Lusia podniosła Franka z kolan i podeszła do Marcela, by pokazać mu, gdzie w tym domu od lat trzyma się mleko.
- Co tu taka cisza? Ktoś kogoś zabił? - odezwał się Marcel. Żartowniś.
- Tata chce zabić Nikusia - szepnęła Agatka.
- Tata nie chce nikogo zabić - odezwałem się. - Marcel, siadaj do stołu, bo za chwilę wyjeżdżamy. Lusia, pojedziesz dzisiaj swoim autem, co? Chcę zabrać naszą dorosłą młodzież na wycieczkę.
Lusia niechętnie pokiwała głową, a kolei Marcel spojrzał na Nikodema, wskazał na niego palcem, po czym wybuchnął śmiechem.
- Nie mów, że przyznałeś się ojcu do tego, że spaliłeś skręta?! - krzyknął trzymając się ze śmiechu za brzuch. Faktycznie, zabawne...

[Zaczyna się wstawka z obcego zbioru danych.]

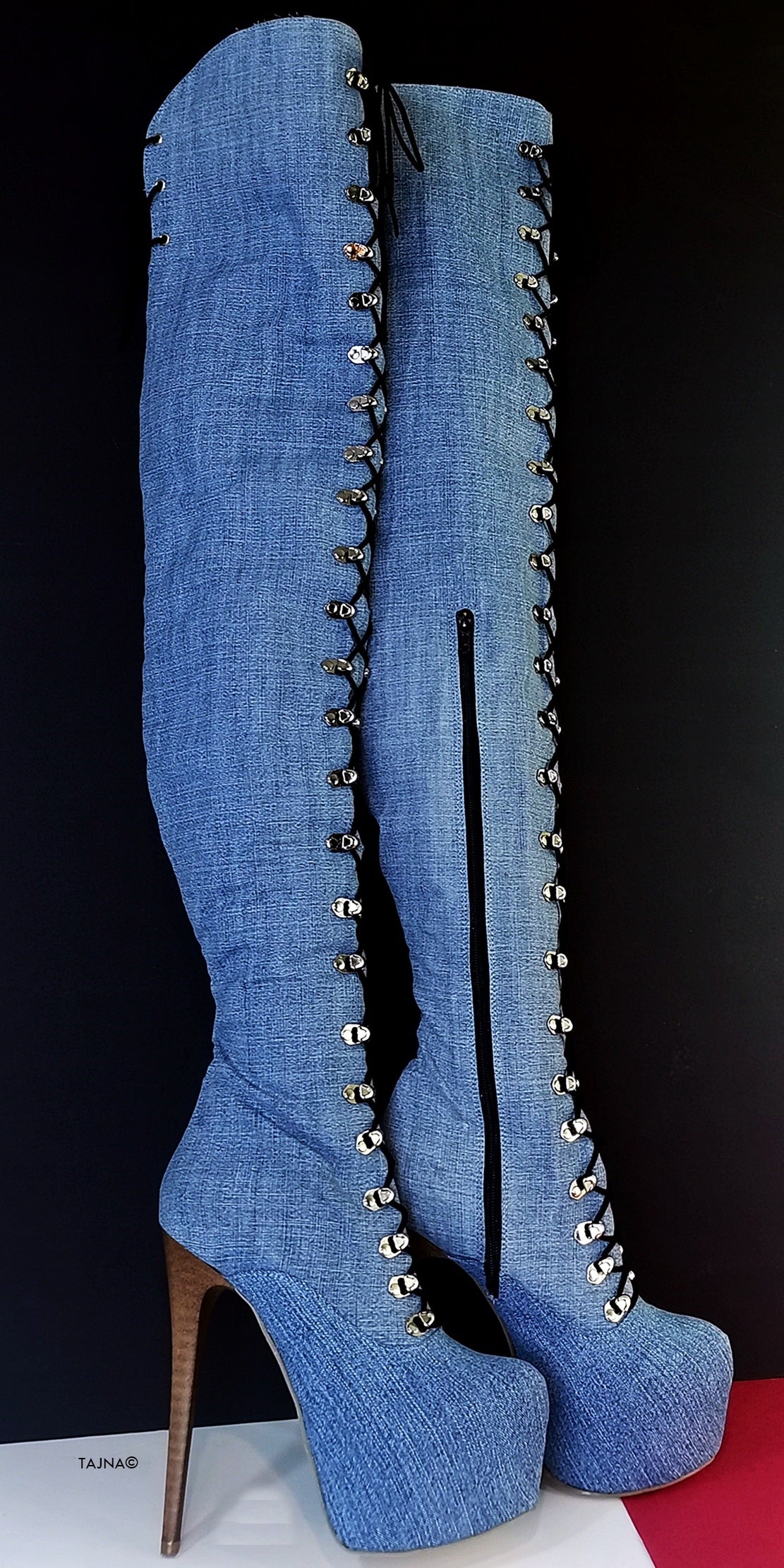 Jean Denim  Thigh High Military Style Boots - Tajna Club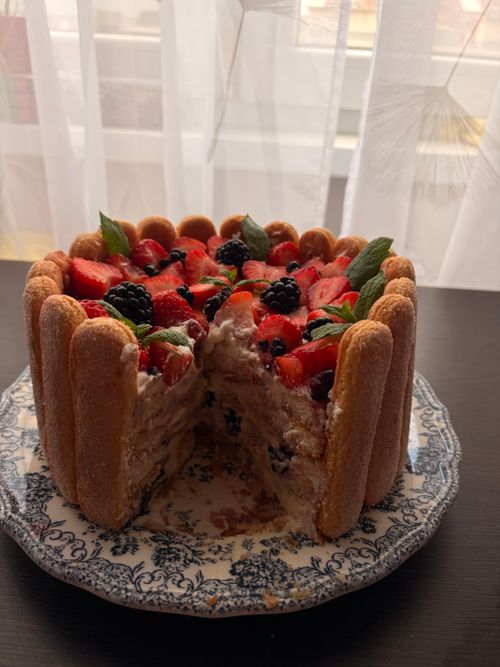 Free A beautifully decorated berry Charlotte cake topped with strawberries, blackberries, and mint leaves. Stock Photo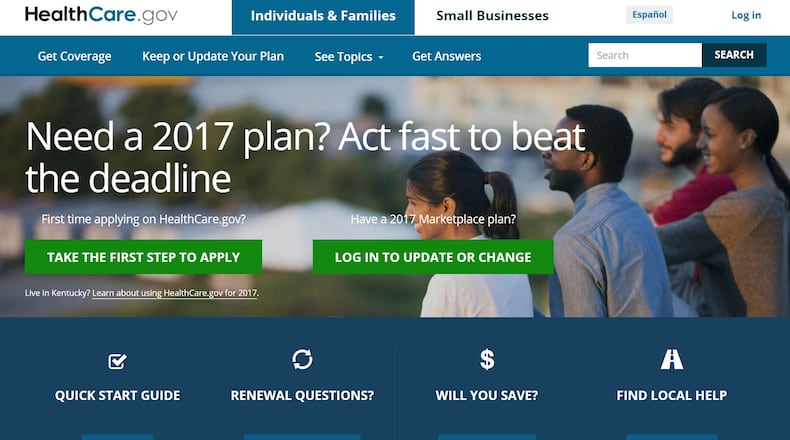 Just over 480,000 Georgians have selected Obamacare insurance plans so far for 2017 through HealthCare.gov. Open enrollment for this year ends Jan. 31. (Screengrab)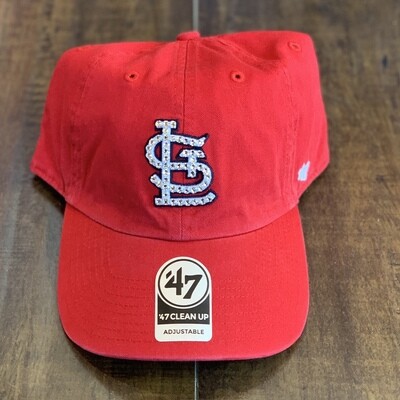Red '47 Hat w/ Clear Crystal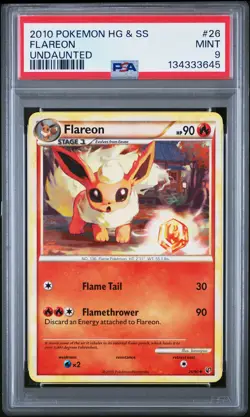 2010 Pokemon Heartgold & Soulsilver Undaunted #26 Flareon Undaunted PSA 9 - Image 1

- Marcel, nie jest ci przypadkiem za wesoło? - odezwałem się do niego.
- Nie, skąd! Szok, normalnie. Niko, po co mówiłeś o tym tacie? Przecież wiesz, że ja bym cię nie wydał, bo nie jestem kapusiem, a ty sam na siebie wyrok wydałeś... Nie mogę z ciebie, Niko.
- Dobra, weź stul mordę - odezwał się Nikodem, na co Marcel ponownie parsknął śmiechem.
- To my już może faktycznie zaczniemy się zbierać. Marcel, zaniesiesz plecak Agatki do auta.
- Spoko! - zaśmiał się.
Nikodem wstał od stołu. Poszedł do łazienki. Lusia zaprowadziła maluchów na korytarz.
Małe dzieci - mały kłopot, duże dzieci - duży kłopot. Dopiero zaczynam rozumieć potęgę znaczenia tych słów.